The Academy of St Martin in the Fields has announced that its founder, Neville Marriner, died in the night of October 2. His many recordings with the orchestra became a touchstone for musical quality.

In a statement on its website on Sunday, The Academy of St Martin in the Fields said it was "deeply saddened to announce the death" of the conductor, who died on the night of October 2 aged 92.

In addition to founding the Academy, the British-born conductor was the first music director of the Los Angeles Chamber Orchestra. He also directed the Minnesota Orchestra in the United States. He was the principal conductor of the Stuttgart Radio Orchestra in Germany and conducted other orchestras around the world in a guest capacity.

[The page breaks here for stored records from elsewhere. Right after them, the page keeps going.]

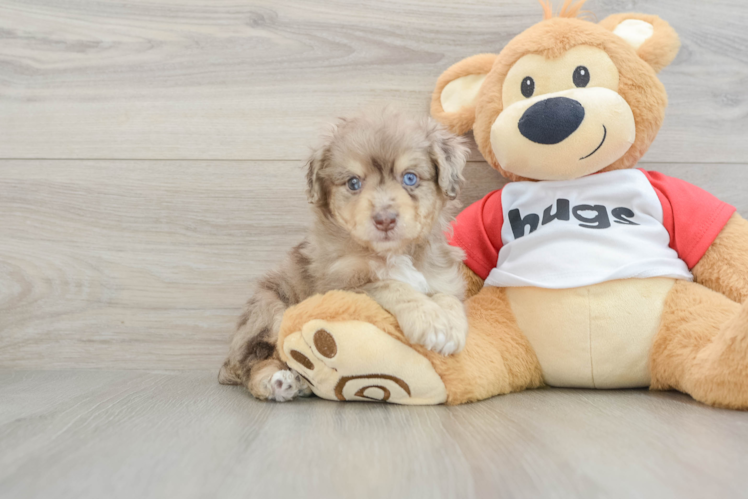 Mini Aussiedoodle Puppy for Adoption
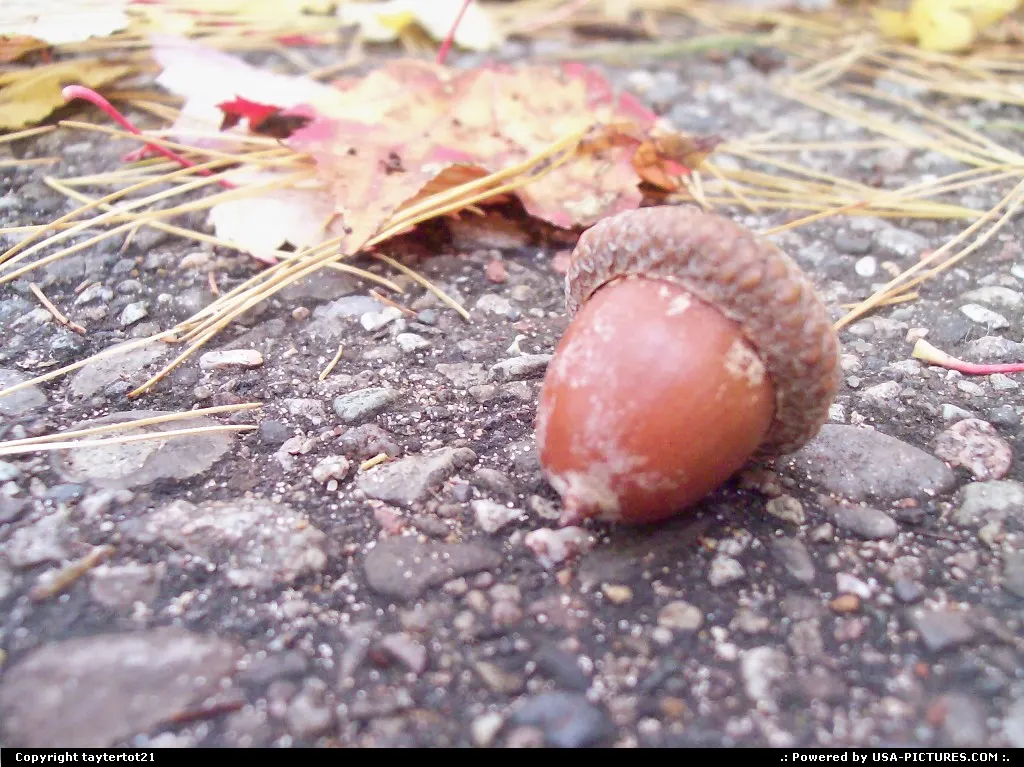 An acorn I found while walking on the nature trails at Ludington State Park.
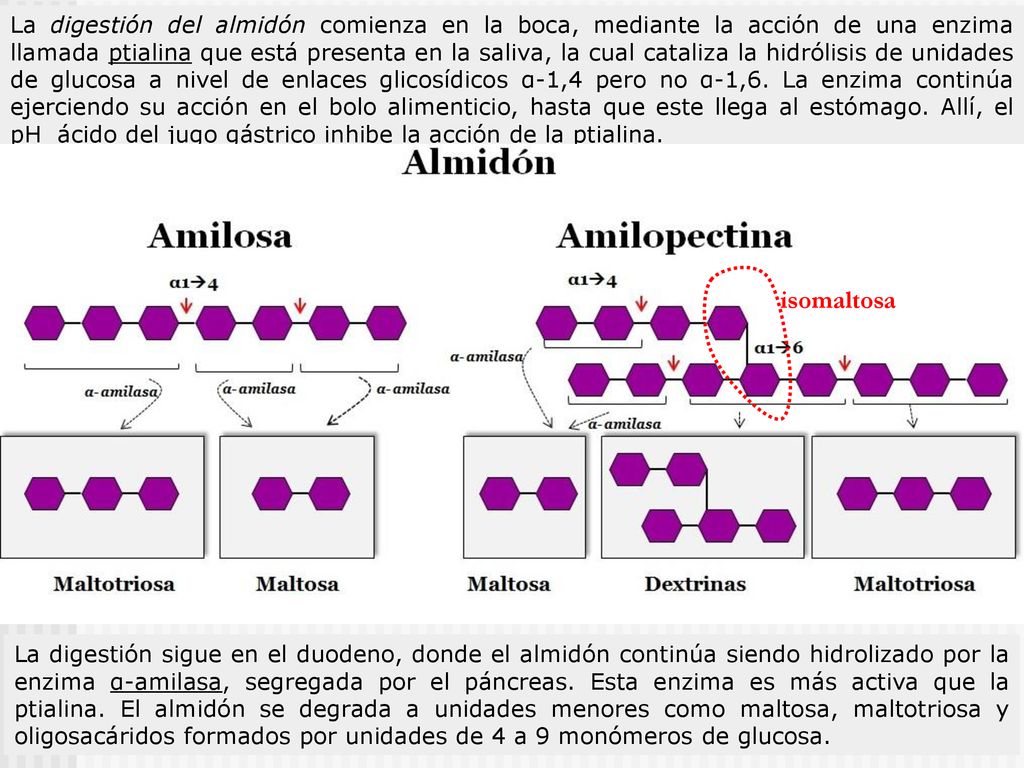 La digestión del almidón comienza en la boca, mediante la acción de una enzima llamada ptialina que está presenta en la saliva, la cual cataliza la hidrólisis de unidades de glucosa a nivel de enlaces glicosídicos α-1,4 pero no α-1,6. La enzima continúa ejerciendo su acción en el bolo alimenticio, hasta que este llega al estómago. Allí, el pH ácido del jugo gástrico inhibe la acción de la ptialina.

He leaves behind a large recorded legacy encompassing works from the Baroque era up to the 20th century, as well as opera. Among his most noted recordings are that of the Cello Symphony by Benjamin Britten and the Cello Concerto by Sir William Walton, with cellist Julian Lloyd Webber as soloist.

He received a number of honors for his work, including a CBE (Commander of the Order of the British Empire) in 1979.

Marriner began his career as a violinist, and studied both at the Royal College of Music in London and the Paris Conservatoire. The Academy of St Martin in the Fields began as informal rehearsals with friends, with the ensemble giving its first performance in the London church that gave it its name in 1959.

He directed the orchestra from its foundation up to 2011, when US violinist Joshua Bell took over the position.